Facing political pressure in Washington and potentially embarrassing publicity at home, a Japanese company yesterday withdrew a bid for a 40 percent stake in a Connecticut machine tool firm whose products are believed to help build U.S. nuclear weapons.
Fanuc Ltd. said it canceled a $10 million investment agreement with Moore Special Tool Co., a small, family-owned concern that has been seeking a capital infusion. Fanuc cited delays in securing U.S. government approval and uncertainties over U.S. laws that govern foreign purchases of this sort.

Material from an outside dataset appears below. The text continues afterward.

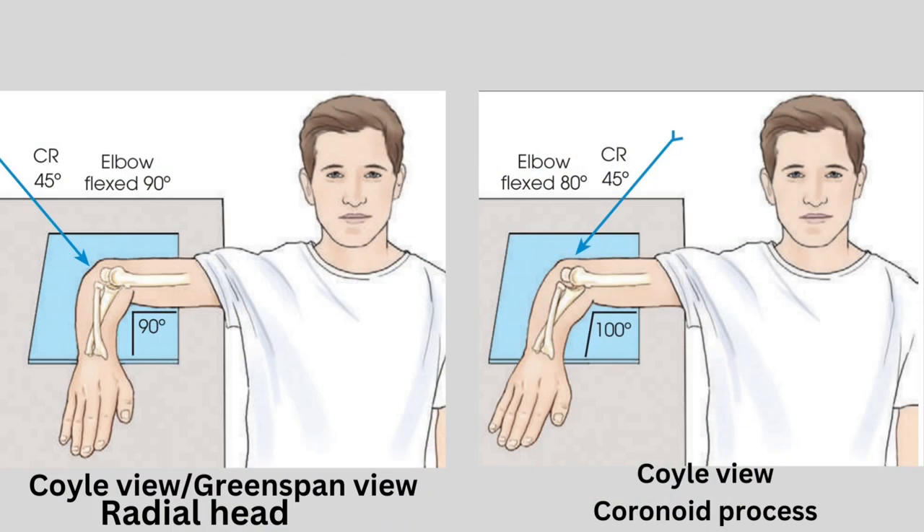For the radial head, it's a 90-degree elbow flexion, while the coronoid process requires an 80-degree flexion. The image receptor (IR) is centered to the elbow joint, making sure the spotlight is directly on it.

Employing about 250 people, Moore makes precision machine tools that have widespread use in civilian industry. But about 10 percent of the company's annual sales of less than $50 million are to the Energy Department, which handles production of the U.S. nuclear arsenal. Some of the machines are installed in classified department facilities.
Congressional critics seized on the deal as a demonstration of faults in the Bush administration's generally open policy toward foreign investment. They argue that the government should regulate acquisitions more closely or risk losing control of crucial industries to foreign competitors.
Moore, believed to be the last U.S.-owned company that makes certain machine tools used in the weapons production, should remain in U.S. hands to safeguard national security, they said.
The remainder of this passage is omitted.